━━━━━ Data for analysis
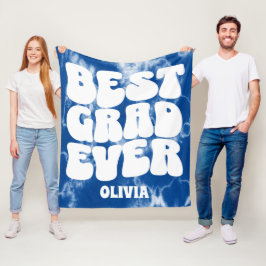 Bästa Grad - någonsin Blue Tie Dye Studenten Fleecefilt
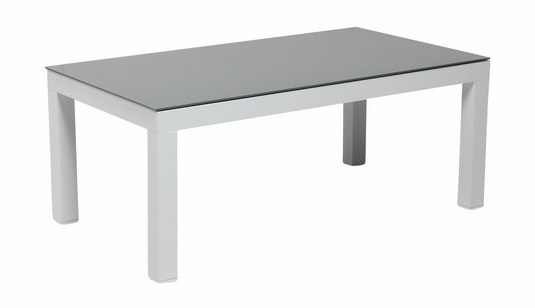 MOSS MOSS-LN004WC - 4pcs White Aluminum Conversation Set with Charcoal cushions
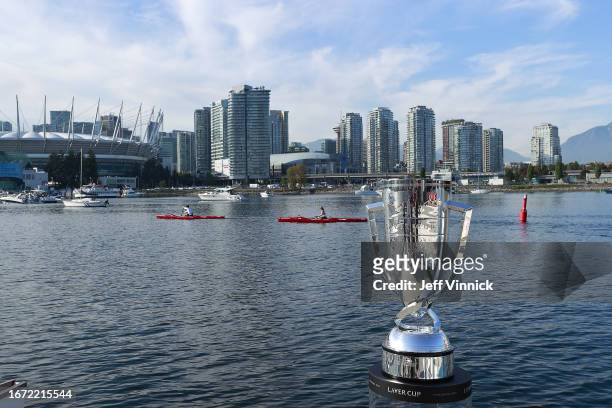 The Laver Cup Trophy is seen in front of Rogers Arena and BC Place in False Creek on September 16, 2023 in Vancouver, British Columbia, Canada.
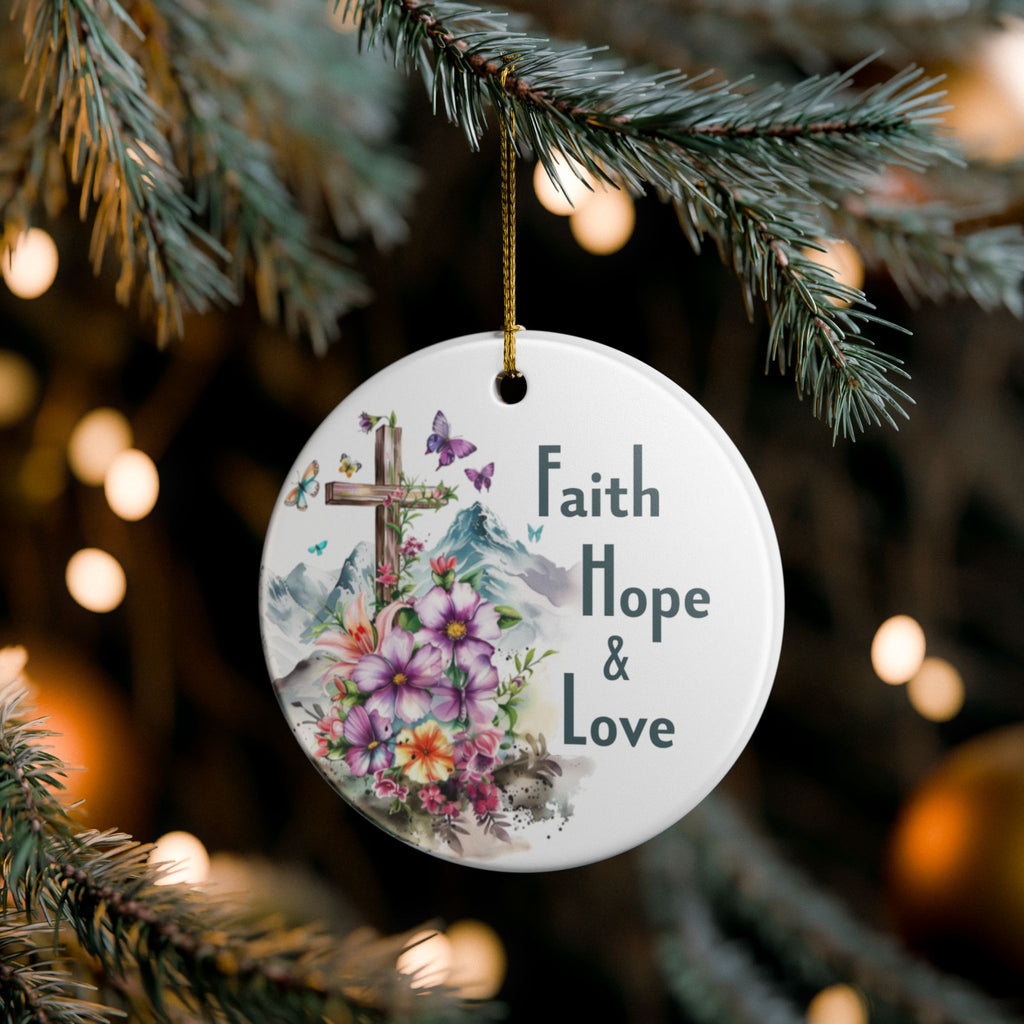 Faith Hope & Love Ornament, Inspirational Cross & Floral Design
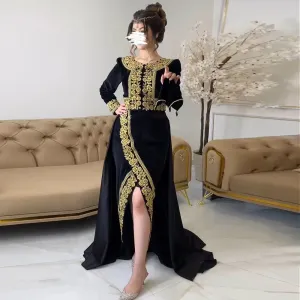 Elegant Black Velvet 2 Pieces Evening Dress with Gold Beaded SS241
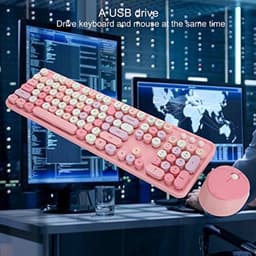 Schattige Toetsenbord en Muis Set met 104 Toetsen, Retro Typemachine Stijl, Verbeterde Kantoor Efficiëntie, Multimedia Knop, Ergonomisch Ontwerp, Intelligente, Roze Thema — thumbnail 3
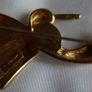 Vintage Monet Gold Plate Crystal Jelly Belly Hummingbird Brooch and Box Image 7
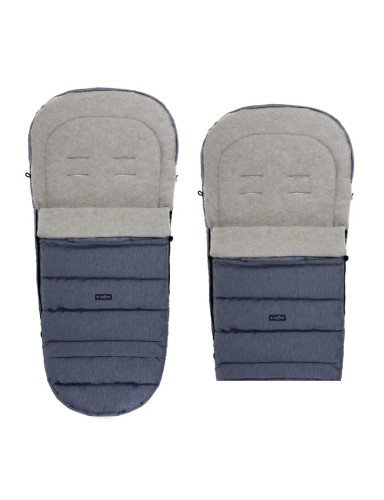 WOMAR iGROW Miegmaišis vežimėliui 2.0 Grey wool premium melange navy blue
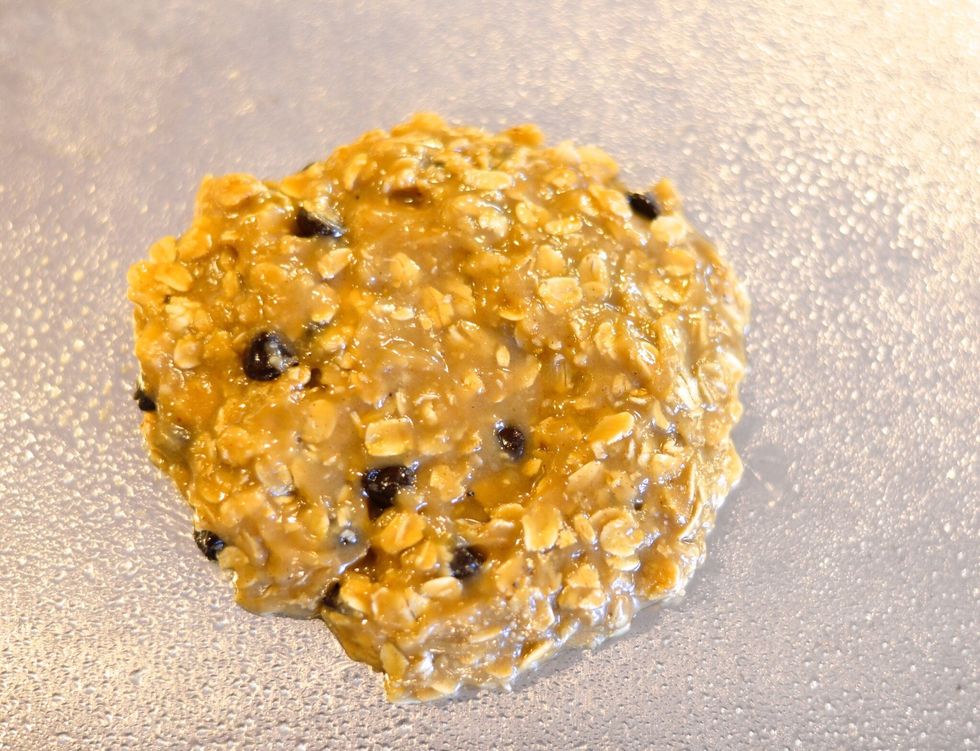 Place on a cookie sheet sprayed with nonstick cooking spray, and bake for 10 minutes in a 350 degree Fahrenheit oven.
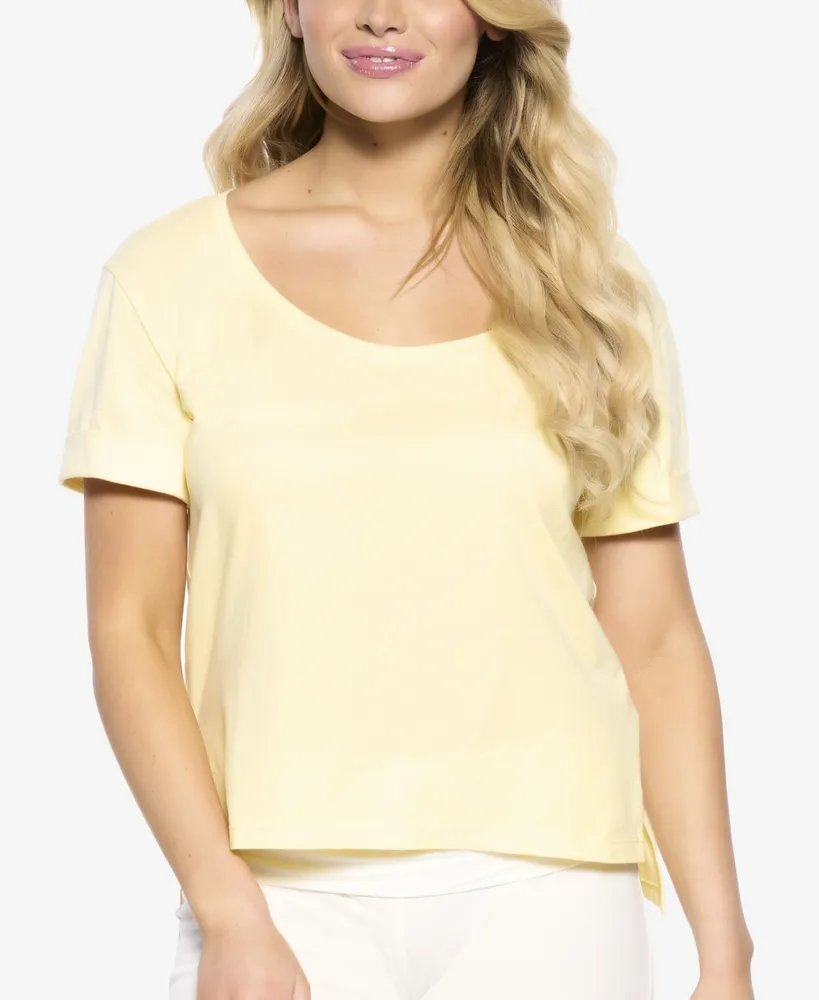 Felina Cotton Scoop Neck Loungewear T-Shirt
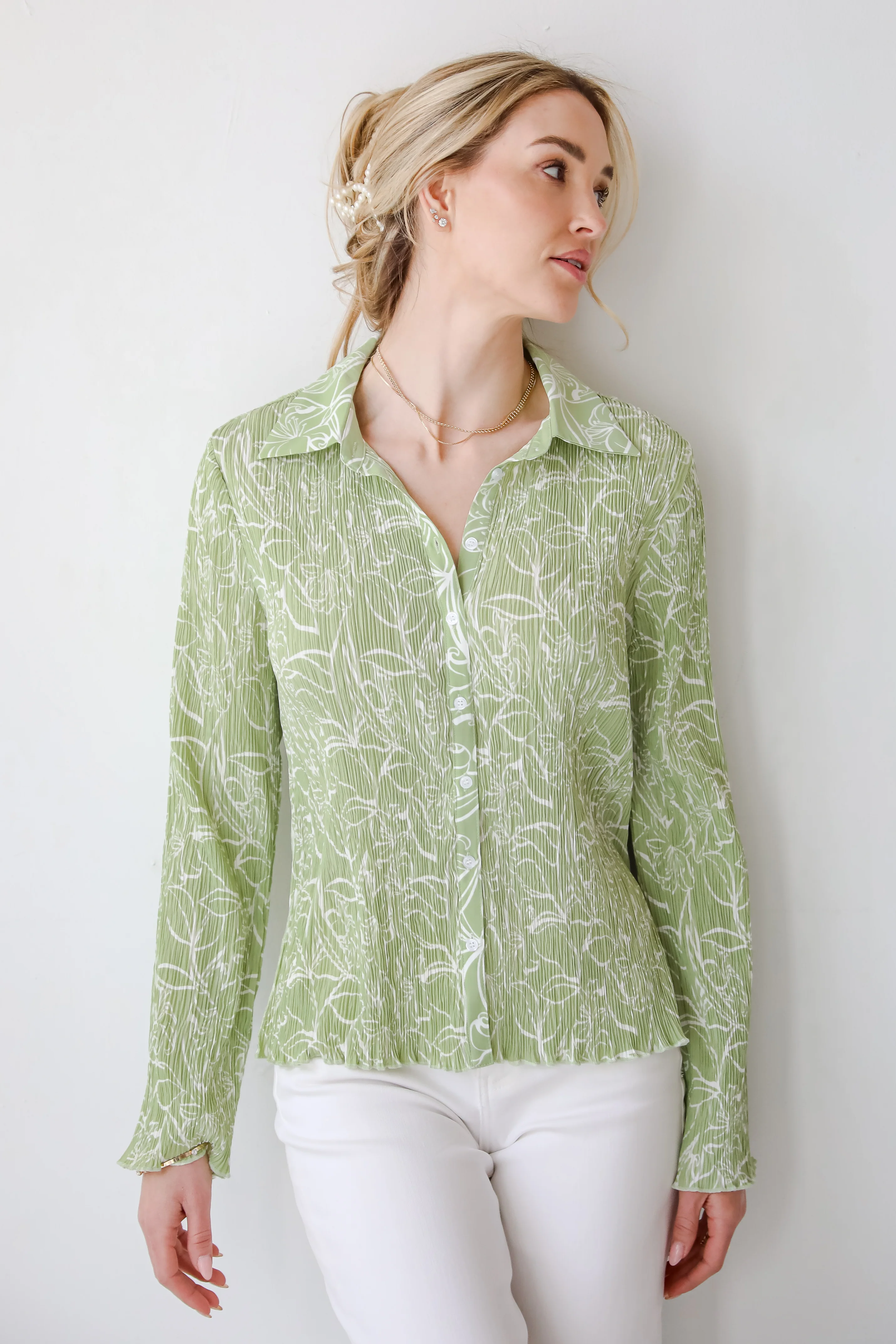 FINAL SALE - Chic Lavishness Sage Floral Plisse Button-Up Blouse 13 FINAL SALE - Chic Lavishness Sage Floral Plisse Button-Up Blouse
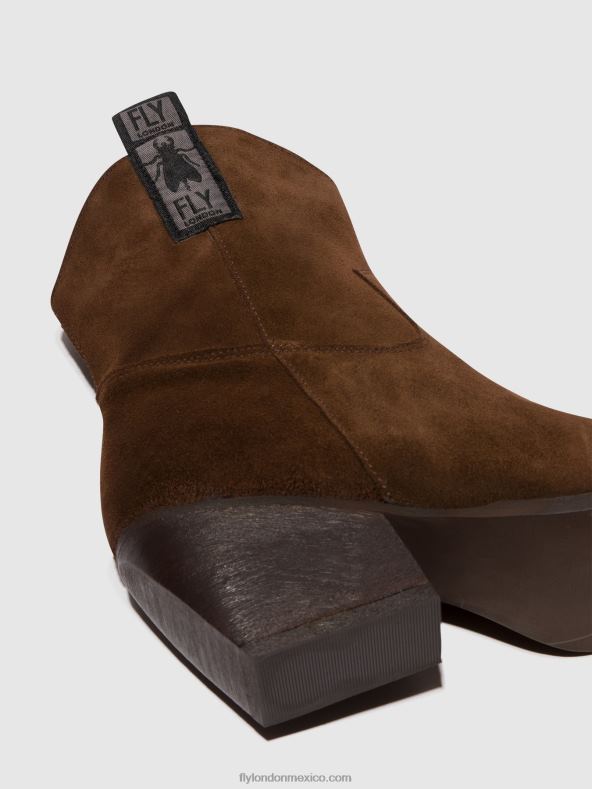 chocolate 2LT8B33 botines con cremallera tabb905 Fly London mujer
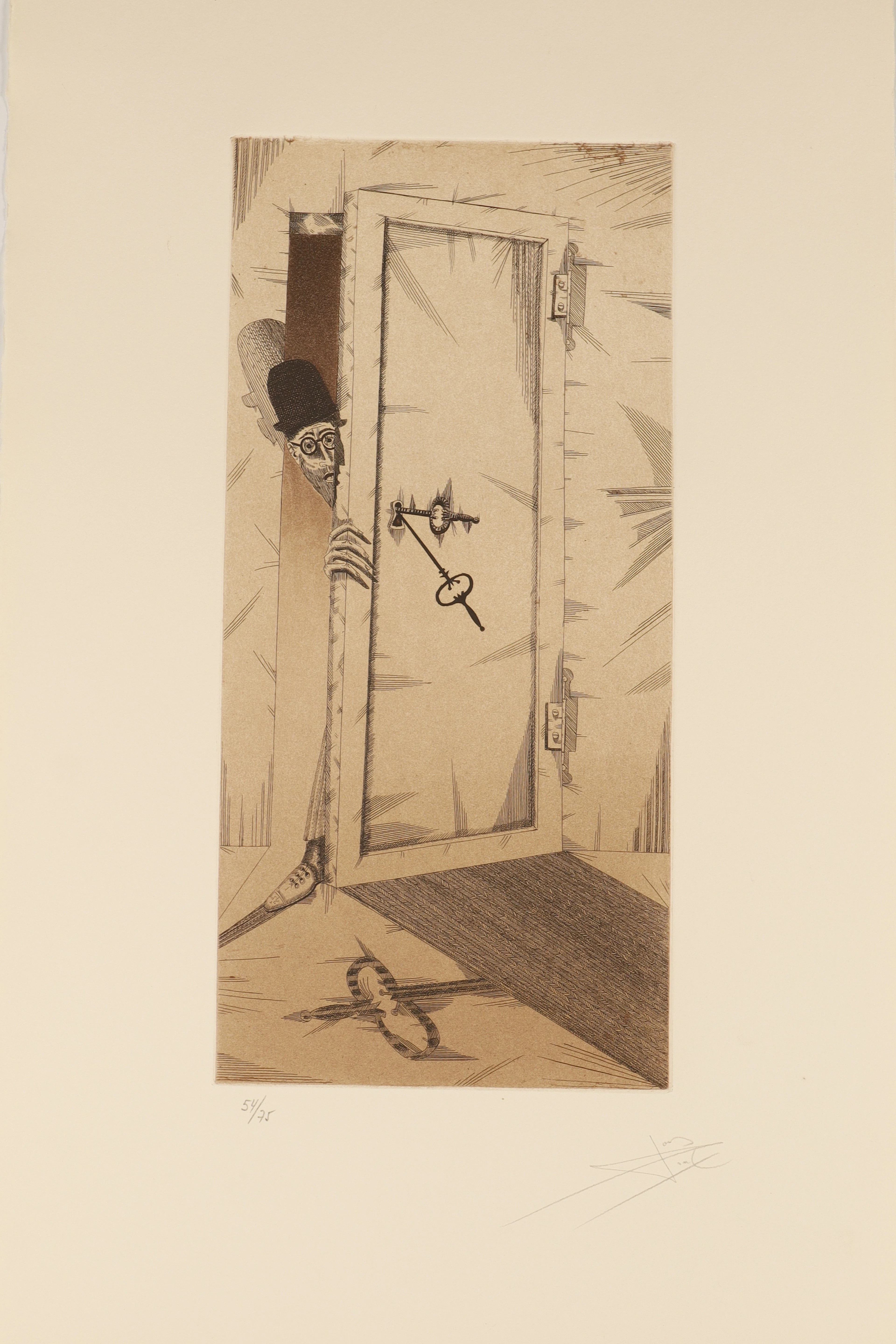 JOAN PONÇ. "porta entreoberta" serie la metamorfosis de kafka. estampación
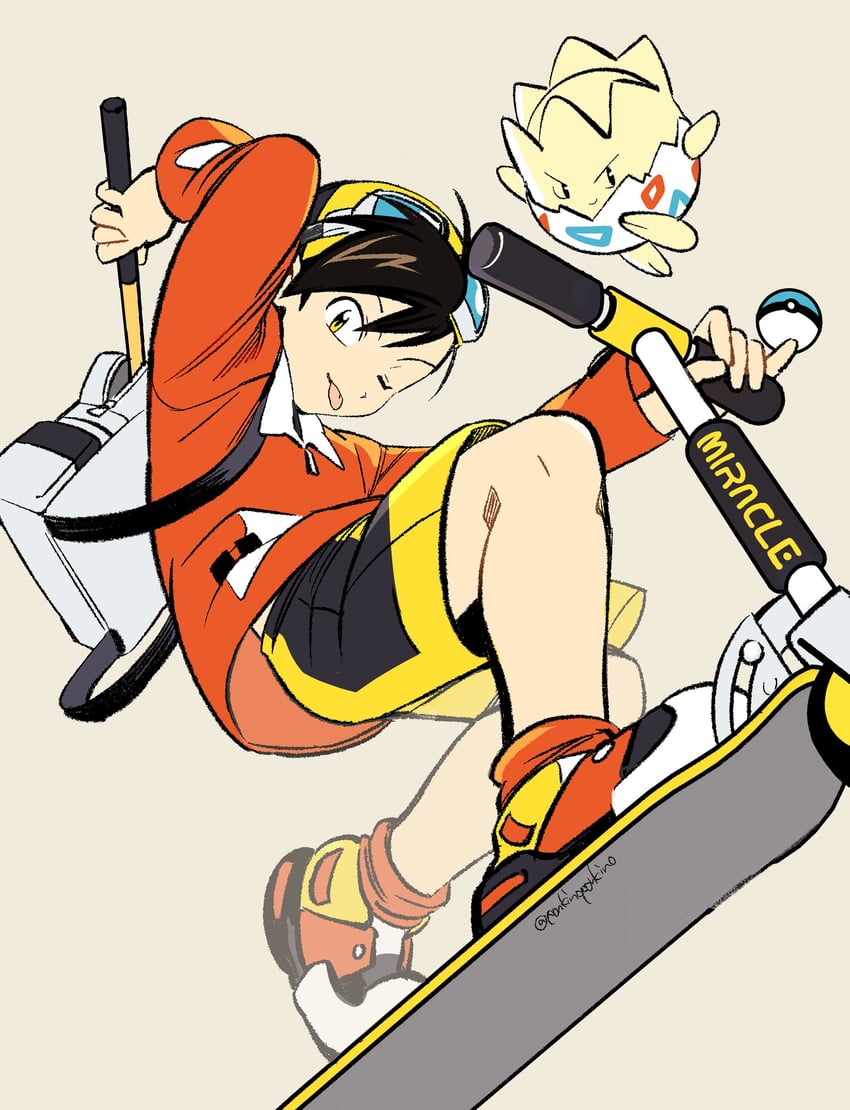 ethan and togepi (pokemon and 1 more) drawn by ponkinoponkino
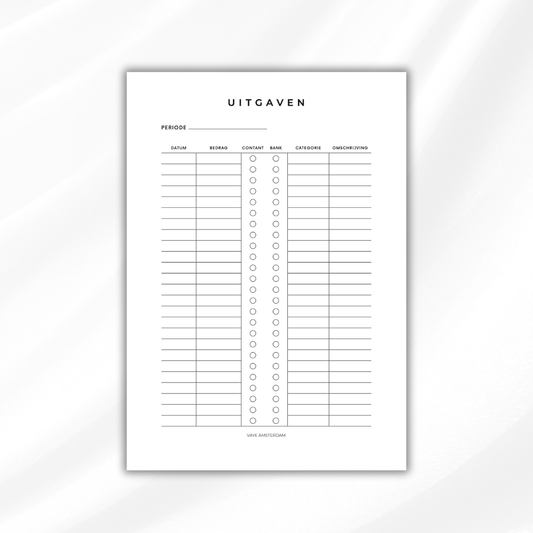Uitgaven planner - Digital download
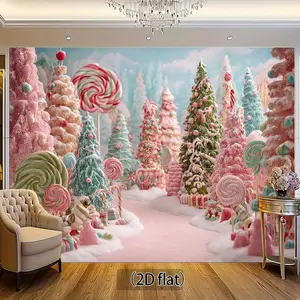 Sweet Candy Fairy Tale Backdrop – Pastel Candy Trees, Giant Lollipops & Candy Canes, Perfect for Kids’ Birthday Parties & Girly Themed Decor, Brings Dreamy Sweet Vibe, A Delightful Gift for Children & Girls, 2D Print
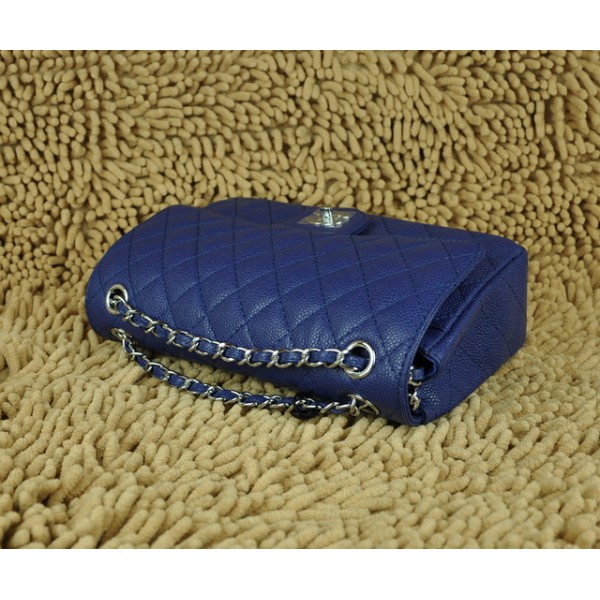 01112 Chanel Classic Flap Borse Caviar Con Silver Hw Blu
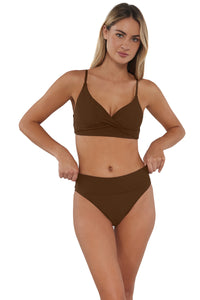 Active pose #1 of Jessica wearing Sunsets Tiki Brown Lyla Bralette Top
━━━━━━━━━━
__Assignment__
Since the copy must exclude the pictures, transcribe only the text of the records, word for word.

__Solution to the exercise__
 Bästa Grad - någonsin Blue Tie Dye Studenten Fleecefilt
 MOSS MOSS-LN004WC - 4pcs White Aluminum Conversation Set with Charcoal cushions
 The Laver Cup Trophy is seen in front of Rogers Arena and BC Place in False Creek on September 16, 2023 in Vancouver, British Columbia, Canada.
 Faith Hope & Love Ornament, Inspirational Cross & Floral Design
 Elegant Black Velvet 2 Pieces Evening Dress with Gold Beaded SS241
 Schattige Toetsenbord en Muis Set met 104 Toetsen, Retro Typemachine Stijl, Verbeterde Kantoor Efficiëntie, Multimedia Knop, Ergonomisch Ontwerp, Intelligente, Roze Thema — thumbnail 3
 Vintage Monet Gold Plate Crystal Jelly Belly Hummingbird Brooch and Box Image 7
 WOMAR iGROW Miegmaišis vežimėliui 2.0 Grey wool premium melange navy blue
 Place on a cookie sheet sprayed with nonstick cooking spray, and bake for 10 minutes in a 350 degree Fahrenheit oven.
 Felina Cotton Scoop Neck Loungewear T-Shirt
 FINAL SALE - Chic Lavishness Sage Floral Plisse Button-Up Blouse 13 FINAL SALE - Chic Lavishness Sage Floral Plisse Button-Up Blouse
 chocolate 2LT8B33 botines con cremallera tabb905 Fly London mujer
 JOAN PONÇ. "porta entreoberta" serie la metamorfosis de kafka. estampación
 ethan and togepi (pokemon and 1 more) drawn by ponkinoponkino
Uitgaven planner - Digital download
 Sweet Candy Fairy Tale Backdrop – Pastel Candy Trees, Giant Lollipops & Candy Canes, Perfect for Kids’ Birthday Parties & Girly Themed Decor, Brings Dreamy Sweet Vibe, A Delightful Gift for Children & Girls, 2D Print
 01112 Chanel Classic Flap Borse Caviar Con Silver Hw Blu
 Active pose #1 of Jessica wearing Sunsets Tiki Brown Lyla Bralette Top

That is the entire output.